Search strategy. n number

Search strategy. n number

Internal validity and quality appraisal

Two unblinded reviewers (RP and SV) independently evaluated the quality of the included studies using prespecified electronic forms (piloted over the first three cases) and a modified version of the Newcastle-Ottawa Scale (NOS) for cohort studies [34] (Additional file 1: eTable 1). Because of the design of the studies considered, we did not consider the section for “Comparability” and question 2 in the section “Selection” (“selection of the non exposed cohort”). Discrepancies between reviewers were solved by consensus. No study was excluded on the basis of this analysis. The same reviewers independently analyzed references of all the evaluated articles to avoid the eventual exclusion of additional studies.

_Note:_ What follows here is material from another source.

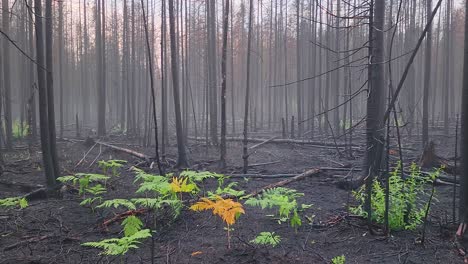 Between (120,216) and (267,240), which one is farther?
(120,216)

Data analysis and synthesis

Continuous variables were reported as mean (± standard deviation) or median (interquartile range). Categorical variables were expressed as number and percentage (%). Point estimates and standard errors were extracted from individual studies and combined by the generic inverse variance method [35], computing risk estimates with 95% confidence intervals according to logarithmic transformation of the hazard measures. Considering the high likelihood of between-study variance, a random effect model was used. Statistical heterogeneity was assessed using Cochran’s Q test. This statistic was complemented with the I 2 statistic, which quantifies the proportion of total variation across studies that is due to heterogeneity rather than chance. A value for I 2 of 0–25% represents insignificant heterogeneity, 26–50% low heterogeneity, 51–75% moderate heterogeneity, and >75% high heterogeneity [36]. The chi-square test was used to test differences between subgroups. To estimate the percentage of deaths that could be attributed to poor physical function, the percentage attributable risk (%AR) was calculated [37]. Finally, a random effect meta-regression analysis was performed to assess the effect of some potential confounding factors (age, sex, previous history of cardiovascular disease, previous history of cerebrovascular disease, diabetes, hypertension) on the results. Publication bias was appraised by graphical evaluation of funnel plots and through Begg and Mazumdar rank correlation, Egger’s regression intercept, and Duval and Tweedie trim and fill [36]. Statistical analyses were conducted using ProMeta software (Internovi, Cesena, Italy) and RevMan 5 (the Cochrane Collaboration, the Nordic Cochrane Centre, Copenhagen, Denmark).

Results

Search results and study selection

After removal of duplicates, 725 titles were identified by the databases search (Fig. 1). Overall, 529 items were excluded after the first evaluation of the title and abstract, as they failed to meet the prespecified inclusion and exclusion criteria. Of the remaining 196 records examined, 134 were excluded because they focused on other outcomes or on other physical performance measures. An additional 5 were not retained because they were not original papers but reviews, and 31 because they were study protocols. Twenty-six studies were examined as full papers. Two of these were excluded because they were based on the same study sample used in Lai et al. [15]. The corresponding authors of the retained 24 records were contacted [6-29]. As previously explained, standardized information was obtained for 17 of them [5-21], and these studies were included in the final qualitative and quantitative analysis (Fig. 1).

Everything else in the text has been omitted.